» **INSTRUCTIONS FOR THE TASK**
With the images removed, write out every line below exactly.

(Stored items from a collection)
::::::::

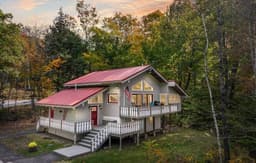 High Pines Chalet | Hot tub, Minutes to Attitash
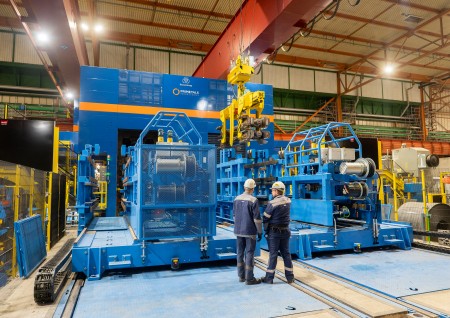 Mit dem neuen Doppelreversiergerüst (DRG) stellt thyssenkrupp Steel das erste Aggregat beim Umbau seines Standortes Bochum zum Kompetenzzentrum für Elektromobilität fertig. 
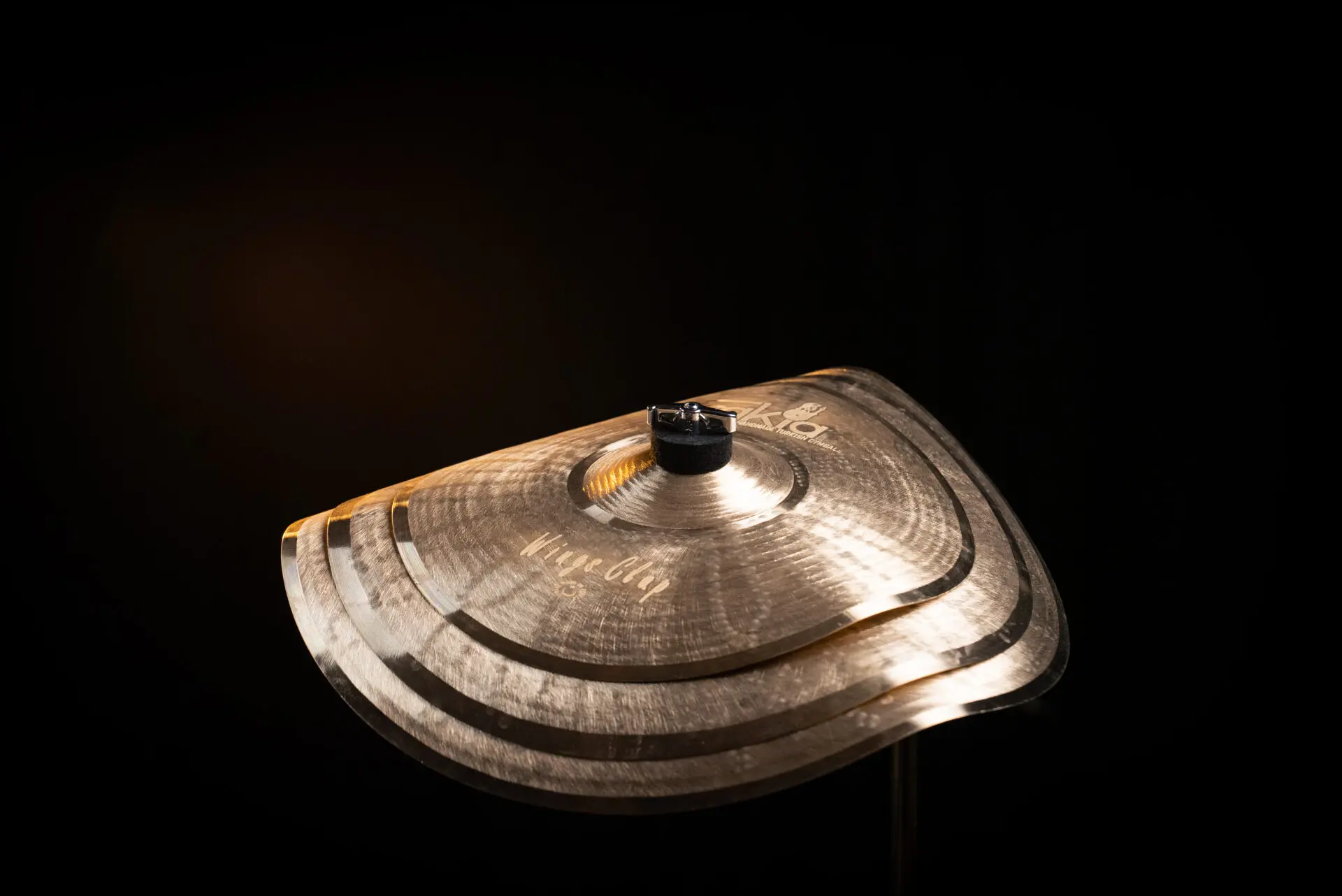 골드 라인 날개 박수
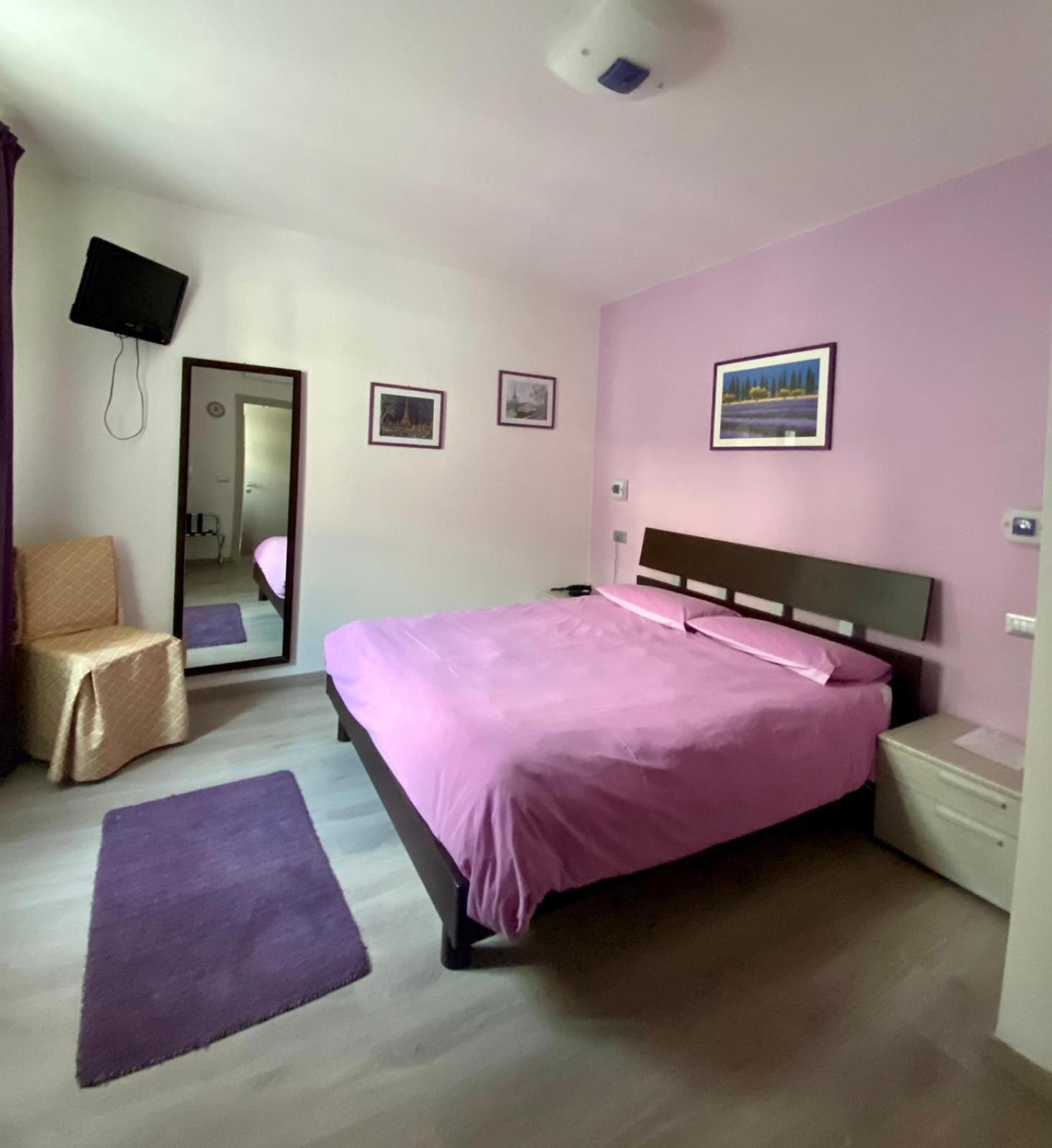 Il Sogno Bed & Breakfast Авио Екстериор снимка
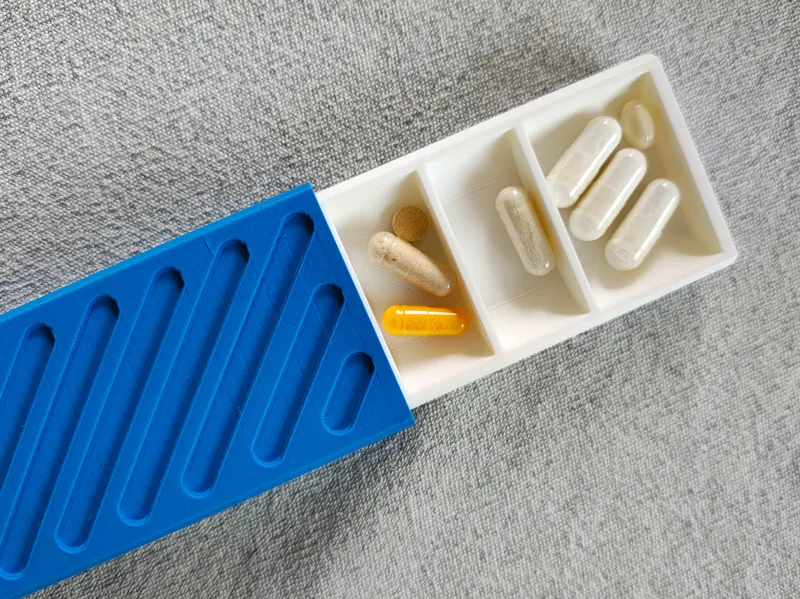 No-Spill Pill Box / Organizer (with Weekly Holder)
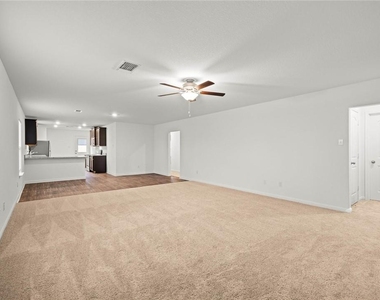 101 Fairfax Ln - Photo Thumbnail 5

::::::::

» **EXPECTED OUTPUT**
 High Pines Chalet | Hot tub, Minutes to Attitash
 Mit dem neuen Doppelreversiergerüst (DRG) stellt thyssenkrupp Steel das erste Aggregat beim Umbau seines Standortes Bochum zum Kompetenzzentrum für Elektromobilität fertig. 
 골드 라인 날개 박수
 Il Sogno Bed & Breakfast Авио Екстериор снимка
 No-Spill Pill Box / Organizer (with Weekly Holder)
 101 Fairfax Ln - Photo Thumbnail 5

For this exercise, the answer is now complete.